A relação de nossos alunos com a música vai além dos chamados conteúdos
estritamente musicais. Quando vivenciamos música, não nos relacionamos somente
com a matéria musical em si e suas relações internas (altura, duração, intensidade,
timbre, estrutura, expressão etc). Logo que ouvimos os primeiros sons de qualquer
música, começamos a assimilá-los por uma rede de significados construídos no
mundo social. (HENTSCHKE, 2003, p. 180)
Para os estudantes, a experiência inusitada de sua inserção no contexto prisional, tem
se revelado bastante profícua e tem rendido excelentes resultados.
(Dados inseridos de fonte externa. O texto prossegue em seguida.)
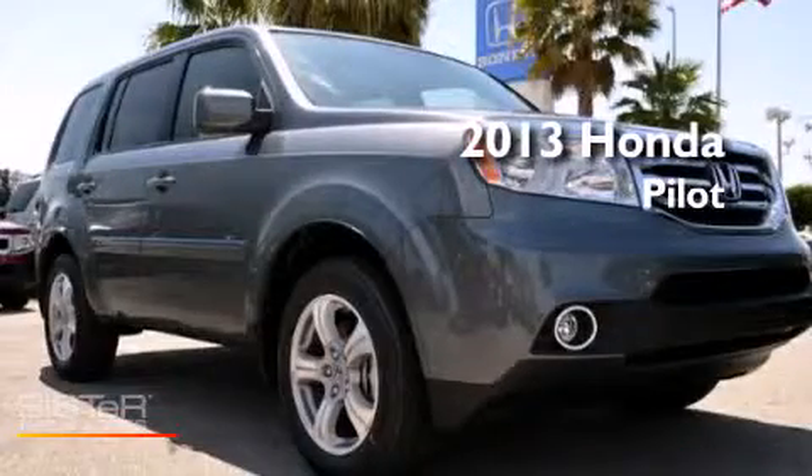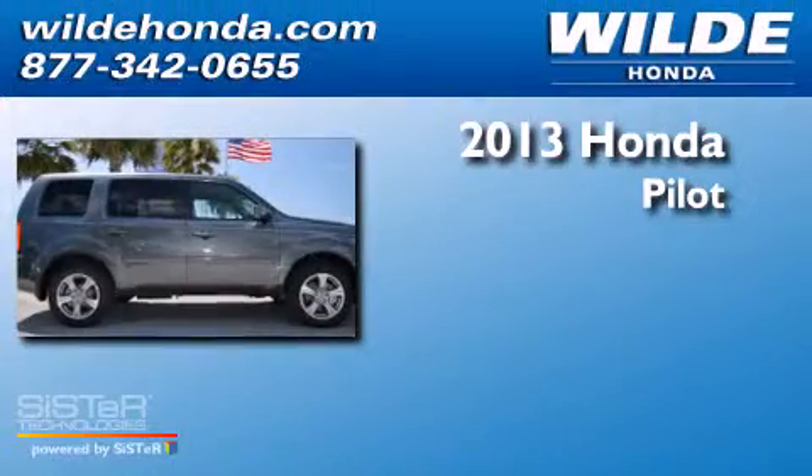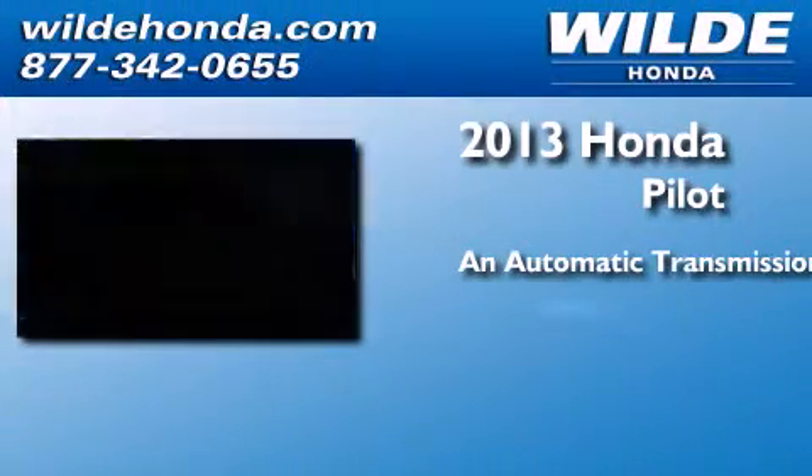This is a brand new 2013 Honda Pilot. This crossover has an automatic transmission and a V6.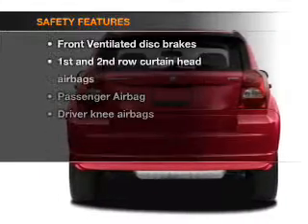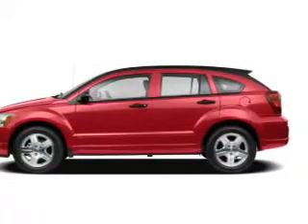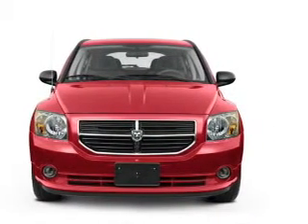If safety is a high priority, rest assured knowing that these top safety components are included: front ventilated disc brakes, curtain head airbags, a passenger airbag, and independent suspension.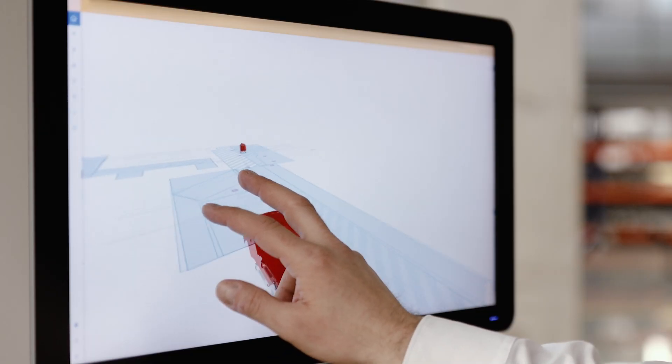AGVs, AMRs, or service robots. There are three major benefits to the painting process from the collaboration between Durst, Bluebotics, and CleanFix.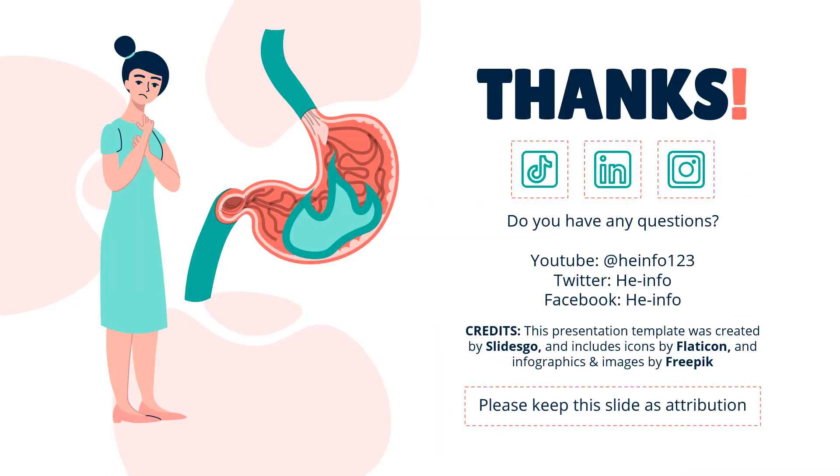That's all the information about sucralfate we collected. Thanks for listening. Do not forget to like, share, and subscribe to the HeInfo channel if you like this video, to get more health information updates.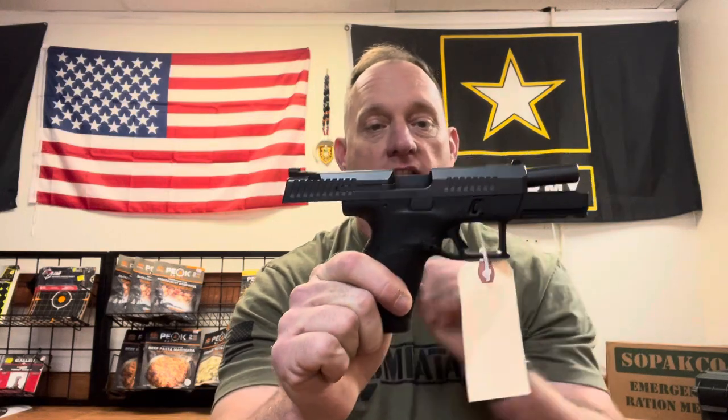Good morning, A-Bird Freedom Fam. Welcome to Why Wednesday. This Why Wednesday is going to be a little bit different because I want to go over some of the reasons why I enjoy the CZ P10C.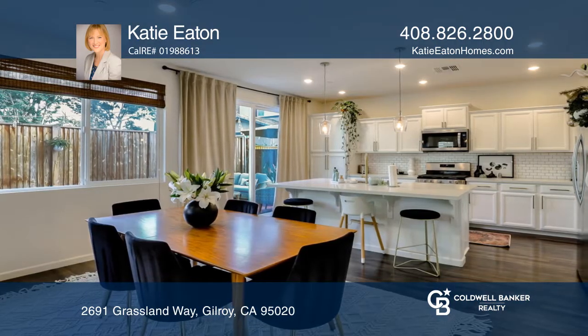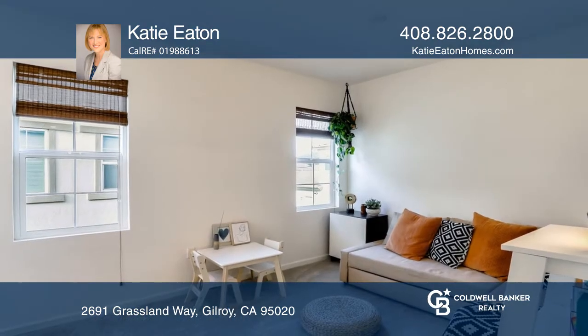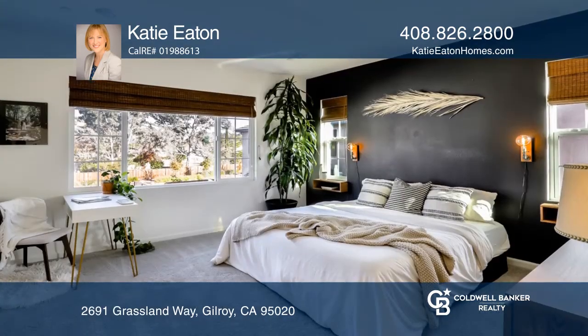The stunning interior features white kitchen cabinets, granite countertops, laminate wood floors, and a pantry. It offers a desk nook, upstairs loft, and laundry room.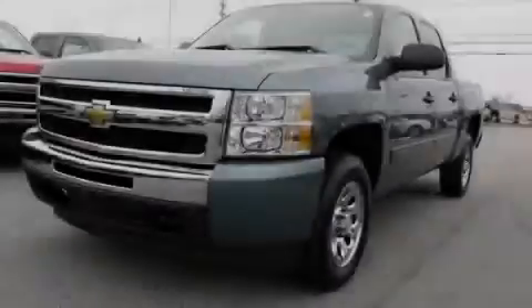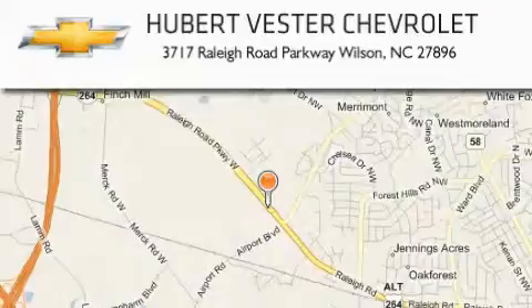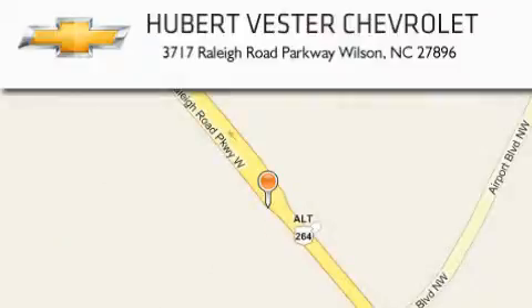Stop by today and test drive this vehicle for yourself. Hubert Vester Chevrolet is located at 3717 Raleigh Road Parkway in Wilson. Our goal is to exceed all of your expectations to ensure that you'll return for future visits.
Conforme regulamento de
estágio aprovado pelo CONSUN n° 202/2011, os licenciandos devem atuar em vários
contextos de ensino da Música, experimentando as situações de ensino-aprendizagem
musical.
Atuar em um ambiente no qual se encontram mulheres em situação de privação de
liberdade, de várias faixas etárias, desde os 18 aos 70 anos de idade, com o ensino tardio da
linguagem musical, consiste num desafio a toda equipe, especialmente aos estagiários que se
deparam com situações muito diversas dos contextos habituais. Muitas das participantes deste
projeto não são alfabetizadas e poucas passaram pela experiência da aprendizagem musical na
infância. Esta experiência suscitou a realização de pesquisas individuais sobre cognição
musical, revelando-se como uma necessidade fundamental nos estudos que pretendem
verificar os aspectos motivacionais para o aprendizado tardio da música e observar como
ocorre o processo cognitivo musical neste público específico.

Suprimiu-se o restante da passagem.